When I do take the time, when I make the investment of attention and interest, the problem spaces really do become spaces, ones where my mind has a much greater freedom of movement. It's not smart people who do this kind of thing, it's committed people. Your mind is your world and it's up to you to make it what you want. No one on a mail list or IRC channel can do that for you. They can help you with the rules, provide you with valuable moral support, and guide you along the way. However, a direct experience of the code as a living world of mind comes from taking many brave leaps into the unknown.

Interview in a Blender

Jean-Paul Calderone graciously set aside some time to talk with me about creating asynchronous code in Python, particularly, using the Twisted framework. As has been said many times before, simply using Twisted or deferreds doesn't make your code asynchronous. As with any tricky problem, you have to put some time and thought into what you want to accomplish and how you want to accomplish it.

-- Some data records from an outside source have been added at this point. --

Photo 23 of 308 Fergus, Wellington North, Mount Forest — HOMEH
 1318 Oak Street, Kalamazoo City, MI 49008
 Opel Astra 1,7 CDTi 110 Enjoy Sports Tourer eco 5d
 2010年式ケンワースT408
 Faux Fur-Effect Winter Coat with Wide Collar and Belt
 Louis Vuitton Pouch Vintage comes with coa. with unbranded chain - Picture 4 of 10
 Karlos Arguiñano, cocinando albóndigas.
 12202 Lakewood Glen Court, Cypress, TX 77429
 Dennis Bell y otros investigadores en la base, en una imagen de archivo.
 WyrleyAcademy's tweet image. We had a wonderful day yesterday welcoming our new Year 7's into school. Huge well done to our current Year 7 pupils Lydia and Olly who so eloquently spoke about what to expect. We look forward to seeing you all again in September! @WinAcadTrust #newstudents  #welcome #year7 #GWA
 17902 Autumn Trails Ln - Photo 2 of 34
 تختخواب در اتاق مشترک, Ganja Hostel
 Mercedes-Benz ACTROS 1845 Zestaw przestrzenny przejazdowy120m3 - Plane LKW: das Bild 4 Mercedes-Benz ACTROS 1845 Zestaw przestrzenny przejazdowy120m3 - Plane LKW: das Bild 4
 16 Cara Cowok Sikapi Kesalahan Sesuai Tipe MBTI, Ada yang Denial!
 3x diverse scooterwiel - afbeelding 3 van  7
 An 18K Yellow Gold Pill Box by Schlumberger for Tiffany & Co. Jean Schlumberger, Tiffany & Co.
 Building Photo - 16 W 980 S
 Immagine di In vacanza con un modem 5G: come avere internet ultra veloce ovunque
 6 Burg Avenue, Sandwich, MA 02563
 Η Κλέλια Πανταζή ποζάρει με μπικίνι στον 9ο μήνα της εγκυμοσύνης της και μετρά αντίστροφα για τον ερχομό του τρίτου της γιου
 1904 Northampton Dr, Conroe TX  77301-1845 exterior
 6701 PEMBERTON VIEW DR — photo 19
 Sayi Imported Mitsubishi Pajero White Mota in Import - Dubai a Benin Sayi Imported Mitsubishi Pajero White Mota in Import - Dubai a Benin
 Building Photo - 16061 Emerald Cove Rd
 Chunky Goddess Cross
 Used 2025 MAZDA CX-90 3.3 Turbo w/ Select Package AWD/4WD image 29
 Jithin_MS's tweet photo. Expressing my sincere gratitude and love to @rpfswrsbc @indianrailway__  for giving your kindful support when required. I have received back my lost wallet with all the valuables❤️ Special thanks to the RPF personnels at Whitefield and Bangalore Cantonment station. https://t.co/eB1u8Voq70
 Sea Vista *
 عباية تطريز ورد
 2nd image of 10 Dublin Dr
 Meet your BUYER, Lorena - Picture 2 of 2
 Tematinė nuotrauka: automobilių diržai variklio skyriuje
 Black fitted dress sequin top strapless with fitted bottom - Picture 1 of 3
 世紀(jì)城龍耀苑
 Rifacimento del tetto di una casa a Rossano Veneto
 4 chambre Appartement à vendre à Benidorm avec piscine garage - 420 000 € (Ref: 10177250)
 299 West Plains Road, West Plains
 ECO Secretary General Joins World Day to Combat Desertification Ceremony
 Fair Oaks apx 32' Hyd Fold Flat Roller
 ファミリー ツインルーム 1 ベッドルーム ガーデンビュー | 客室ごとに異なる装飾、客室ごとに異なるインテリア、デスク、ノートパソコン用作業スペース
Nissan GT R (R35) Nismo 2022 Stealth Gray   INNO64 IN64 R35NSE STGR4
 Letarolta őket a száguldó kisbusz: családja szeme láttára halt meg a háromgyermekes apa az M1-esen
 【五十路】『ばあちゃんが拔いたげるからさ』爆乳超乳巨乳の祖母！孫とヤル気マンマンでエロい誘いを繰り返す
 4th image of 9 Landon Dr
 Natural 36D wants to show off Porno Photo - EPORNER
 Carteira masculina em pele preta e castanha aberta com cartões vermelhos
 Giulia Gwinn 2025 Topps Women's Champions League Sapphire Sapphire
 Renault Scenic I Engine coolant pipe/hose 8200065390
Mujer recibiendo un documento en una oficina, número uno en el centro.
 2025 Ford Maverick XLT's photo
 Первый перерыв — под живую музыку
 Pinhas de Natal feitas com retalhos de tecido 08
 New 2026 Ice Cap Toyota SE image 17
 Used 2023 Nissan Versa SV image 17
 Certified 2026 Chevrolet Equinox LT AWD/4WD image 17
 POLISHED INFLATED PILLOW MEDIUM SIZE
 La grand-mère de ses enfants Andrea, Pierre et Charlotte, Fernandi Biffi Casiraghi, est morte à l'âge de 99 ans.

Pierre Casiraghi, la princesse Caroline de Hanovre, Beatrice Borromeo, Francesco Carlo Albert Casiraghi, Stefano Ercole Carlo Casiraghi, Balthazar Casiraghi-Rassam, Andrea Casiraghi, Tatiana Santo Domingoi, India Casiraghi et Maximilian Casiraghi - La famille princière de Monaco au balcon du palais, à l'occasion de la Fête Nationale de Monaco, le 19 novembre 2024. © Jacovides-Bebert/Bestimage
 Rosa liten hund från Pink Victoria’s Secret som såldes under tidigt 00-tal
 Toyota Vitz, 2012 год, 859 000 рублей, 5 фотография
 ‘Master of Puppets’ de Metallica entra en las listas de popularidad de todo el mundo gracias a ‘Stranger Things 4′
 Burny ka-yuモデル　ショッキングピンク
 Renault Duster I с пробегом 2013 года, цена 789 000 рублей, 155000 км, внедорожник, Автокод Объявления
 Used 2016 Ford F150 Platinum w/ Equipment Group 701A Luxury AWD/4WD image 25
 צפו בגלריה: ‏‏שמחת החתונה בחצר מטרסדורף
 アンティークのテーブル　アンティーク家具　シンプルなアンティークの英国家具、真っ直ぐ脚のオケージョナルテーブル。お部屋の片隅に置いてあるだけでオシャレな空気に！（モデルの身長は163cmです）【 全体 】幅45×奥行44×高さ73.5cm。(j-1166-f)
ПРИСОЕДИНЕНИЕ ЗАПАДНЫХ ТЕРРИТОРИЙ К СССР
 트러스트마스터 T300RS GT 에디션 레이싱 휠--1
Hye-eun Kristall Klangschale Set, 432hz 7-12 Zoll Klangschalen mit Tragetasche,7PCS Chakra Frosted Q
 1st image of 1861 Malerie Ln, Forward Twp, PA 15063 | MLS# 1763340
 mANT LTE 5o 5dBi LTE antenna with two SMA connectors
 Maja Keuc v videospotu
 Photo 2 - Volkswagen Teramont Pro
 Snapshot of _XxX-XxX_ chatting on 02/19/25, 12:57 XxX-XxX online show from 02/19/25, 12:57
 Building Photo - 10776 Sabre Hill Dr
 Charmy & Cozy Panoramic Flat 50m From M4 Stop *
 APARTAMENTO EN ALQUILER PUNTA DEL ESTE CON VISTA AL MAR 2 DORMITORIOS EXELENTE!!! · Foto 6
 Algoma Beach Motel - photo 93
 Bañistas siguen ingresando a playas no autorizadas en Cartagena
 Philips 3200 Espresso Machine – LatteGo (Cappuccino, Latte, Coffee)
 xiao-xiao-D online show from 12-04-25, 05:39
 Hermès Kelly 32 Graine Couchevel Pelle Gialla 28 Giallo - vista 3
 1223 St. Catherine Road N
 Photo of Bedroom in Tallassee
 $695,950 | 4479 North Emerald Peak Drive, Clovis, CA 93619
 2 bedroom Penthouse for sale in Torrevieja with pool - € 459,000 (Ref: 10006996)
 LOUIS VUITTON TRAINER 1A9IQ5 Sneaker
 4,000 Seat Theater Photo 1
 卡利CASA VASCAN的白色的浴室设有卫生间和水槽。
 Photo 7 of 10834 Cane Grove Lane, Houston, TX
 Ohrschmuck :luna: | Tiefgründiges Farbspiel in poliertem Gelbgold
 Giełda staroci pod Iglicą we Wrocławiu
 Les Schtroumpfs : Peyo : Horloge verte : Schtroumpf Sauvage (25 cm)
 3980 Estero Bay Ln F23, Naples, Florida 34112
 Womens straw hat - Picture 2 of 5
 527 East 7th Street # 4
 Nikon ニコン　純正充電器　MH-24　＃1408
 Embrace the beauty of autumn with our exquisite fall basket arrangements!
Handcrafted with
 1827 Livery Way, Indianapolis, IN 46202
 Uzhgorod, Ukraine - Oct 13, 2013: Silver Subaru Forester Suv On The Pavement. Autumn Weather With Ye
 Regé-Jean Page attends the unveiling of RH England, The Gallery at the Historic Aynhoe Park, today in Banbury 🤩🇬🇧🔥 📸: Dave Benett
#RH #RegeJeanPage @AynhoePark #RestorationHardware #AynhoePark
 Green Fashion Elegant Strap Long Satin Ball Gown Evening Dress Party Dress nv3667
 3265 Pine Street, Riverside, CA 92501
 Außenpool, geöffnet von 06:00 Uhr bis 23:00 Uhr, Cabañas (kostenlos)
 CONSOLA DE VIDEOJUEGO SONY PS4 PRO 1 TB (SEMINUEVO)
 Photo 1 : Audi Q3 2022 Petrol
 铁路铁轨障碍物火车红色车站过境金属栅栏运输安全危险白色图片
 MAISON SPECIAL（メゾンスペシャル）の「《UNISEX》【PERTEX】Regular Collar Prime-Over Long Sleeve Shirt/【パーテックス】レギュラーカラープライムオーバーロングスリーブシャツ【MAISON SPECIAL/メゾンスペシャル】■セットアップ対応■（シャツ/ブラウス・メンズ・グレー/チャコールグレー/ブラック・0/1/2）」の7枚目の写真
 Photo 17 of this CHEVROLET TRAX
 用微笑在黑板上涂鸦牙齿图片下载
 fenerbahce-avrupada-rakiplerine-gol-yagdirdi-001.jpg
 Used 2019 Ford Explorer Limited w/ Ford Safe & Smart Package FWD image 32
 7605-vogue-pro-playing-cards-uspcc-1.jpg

I'm going to post bits of our chat in different sections, but hopefully in a way that makes sense. There's some good information here and some nice reminders. More than anything, though, this should serve as an encouragement to dig deeper.

Why Would I Ever Need Async Code?

There are a couple short answers to that:
  • Your application is doing many long-running computations (or runs of a varying/unpredictable length).
  • Your application runs in an unpredictable environment (in particular, I'm thinking of network communications).
  • Your application needs to handle lots of events
[1:55pm] oubiwann:exarkun: so, what's the first question a developer should ask themselves as they begin writing their Twisted application/library, txFoo?
[1:55pm] dash:"would everyone be better off if I just stopped now?"
[1:55pm] exarkun:oubiwann: I'm not sure I completely understand the target audience yet
[1:56pm] exarkun:my question is kind of like dash's question
[1:56pm] exarkun:why is this person doing this?
[1:57pm] oubiwann:exarkun: the audience is the group of software developers that are new to twisted, have a basic grasp of deferreds, and want their code to be properly async (using Twisted, of course)
[1:57pm] oubiwann:they don't have anything more than a passing familiarity of the reactor
[1:57pm] oubiwann:they don't know python internals

Protocols, Servers, and Clients, Oh My!

If your application can use what's already in Twisted, you're on easy street :-) If not, you may have to write your own protocols.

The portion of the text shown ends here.